Five separate accounts of the meetings, published in four different local papers, show Montana voters were downright hostile to Baucus' reform proposal. Baucus has been a staunch opponent of single-payer health care, a system in which the government would provide universal coverage.
Baucus has kept single-payer advocates out of negotiations and has yet to endorse a compromise proposal by Sen. Charles Schumer (D-N.Y.) that would give Americans the option of buying into a publicly run plan that would compete with private insurers.
That stance put his staffers up against a wall, facing angry constituents fed up by what they viewed as a lack of courage in Washington.
"Majority wants single-payer health care," headlined an account in the Helena Independent Record.
At several of the events, Montanans' ire was directed at Baucus chief of staff Jon Selib, who defended the employer-based coverage system that he estimated covers 150 million Americans.
"A lot of people like that," Selib said.
When the time came for questions, [self-employed consultant Steve] McArthur stood up and asked a simple question. Looking across a standing-room-only crowd of about 275, he asked how many were happy with their employer-based health insurance.
Fewer than 10 people raised their hands.
"The [argument] is bogus," McArthur said. "It's not working for 95 percent of us."
In fact, any mention of single-payer health care insurance brought raucous cheers and clapping. Any other solution to health care reform - including Baucus' "balanced" plan that would create a mix of public and private plans - was received more coolly.
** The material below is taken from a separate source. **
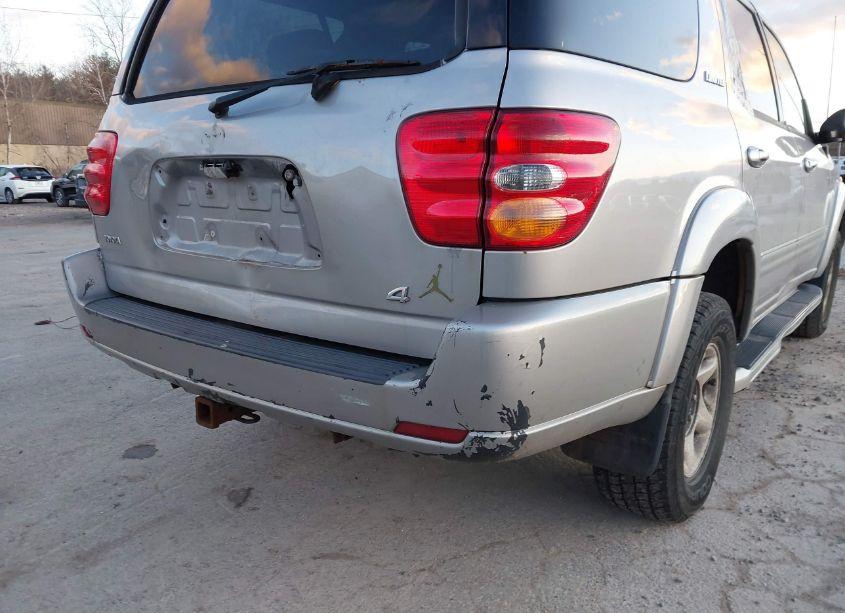 Photo 6 of 2002 Toyota Sequoia LIMITED V8 (VIN 5TDBT48A12S085757)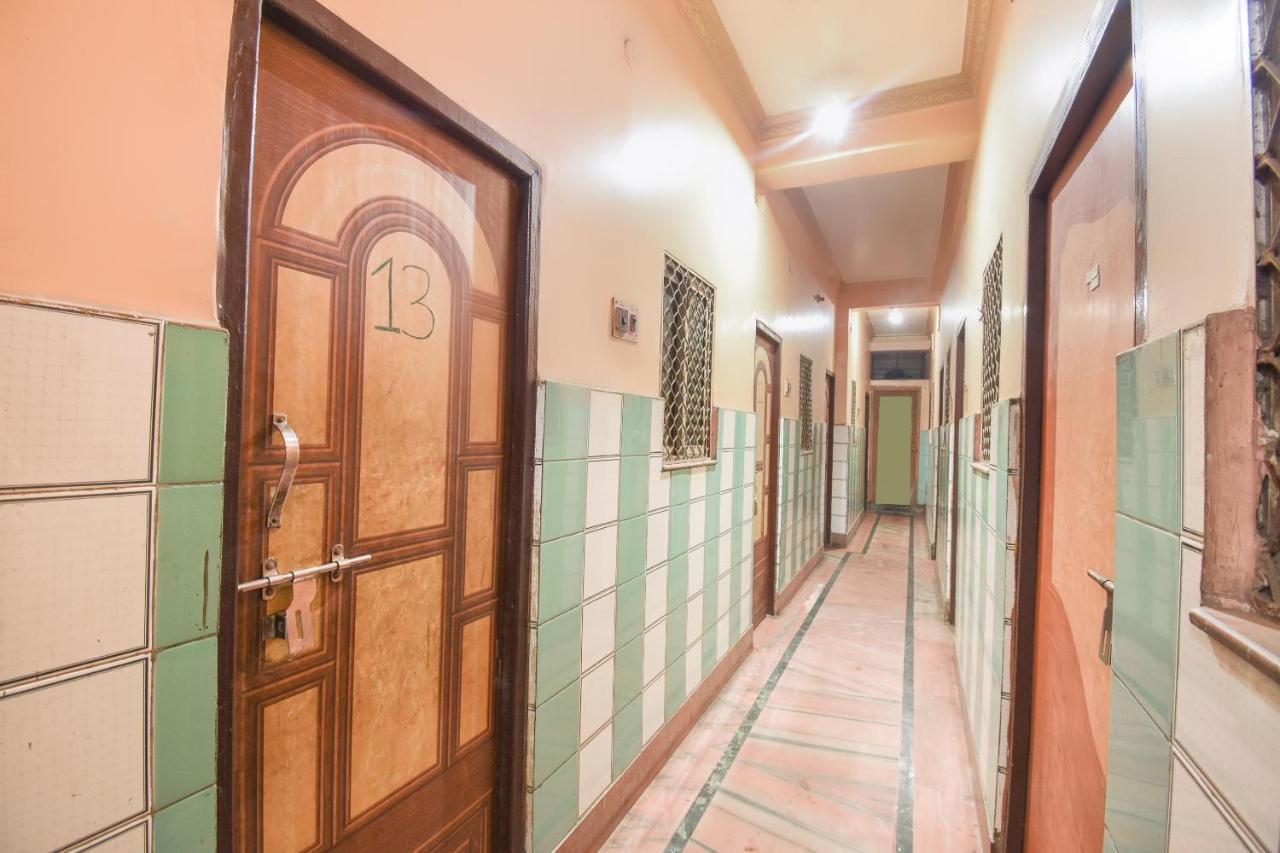 Spot On 70605 Taj Guest House Kolkata Exterior photo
The bitter questioning led Selib to break some news at the meeting.
"If you think your insurance company is screwing you ... then you'd have the option of going to the public plan," Selib said. "Senator Baucus is fighting tooth and nail to include that in any final deal."
Then he asked the standing-room-only audiences for comments -- and got an earful, mostly on the whys, hows and whats of national health insurance as the preferred option.
Baucus' staff repeatedly argued that 60 votes are needed to move a bill through the Senate and that single-payer, or an otherwise bold reform, simply wouldn't pass. That wasn't what they wanted to hear, said a story in the Missoulian, "Single-payer health care: Baucus keeps getting an earful."
PABLO - Sen. Max Baucus' insistence that consideration of a national single-payer health plan at this point will squander a golden opportunity for health care reform in the United States continues to be met with stiff resistance from many of his constituents.
"The word 'insurance' does not equal health care," Janelle Kuechle of Polson said at a meeting here Thursday. "If I have to pay a $900 premium to have health insurance with a $10,000 deductible, that is not health care."
"Congress ought to be representing us instead of the insurance lobby," said retired school teacher John Oberlitner of Polson. "Max Baucus has stated it's not feasible to pass a single-payer health plan, but one year ago people were saying it was not feasible that Obama could be elected our president."
Voters in Livingston weren't much warmer, recorded the Bozeman Daily Chronicle.
But many in the audience grilled a Baucus staffer on why they wouldn't allow single-payer advocates to participate in roundtables held to form his plan. Several doctors were arrested for protesting that point in Washington two weeks ago during a Baucus-led discussion.
Judy Moor of Bozeman asked whether the big campaign dollars Baucus has received from the insurance industry was reason for suspicion.
"Single-payer advocates not giving up the fight," observed the Great Falls Tribune.
Proponents of single-payer showed up en masse at the most well-attended meetings in Missoula, Hamilton, Anaconda, Dillon and Livingston to urge Baucus -- the chairman of the Senate Finance Committee -- to consider single-payer universal health care. Single payer -- a system in which the government provides health insurance to all Americans -- has been declared "off the table" by Baucus, Congress' leading man on heath care reform.
Baucus isn't pushing hard enough, said a Helena business owner, summing up the statewide wisdom. "Max is really making me mad now because he's not really trying to change the system, he's just trying to tweak it."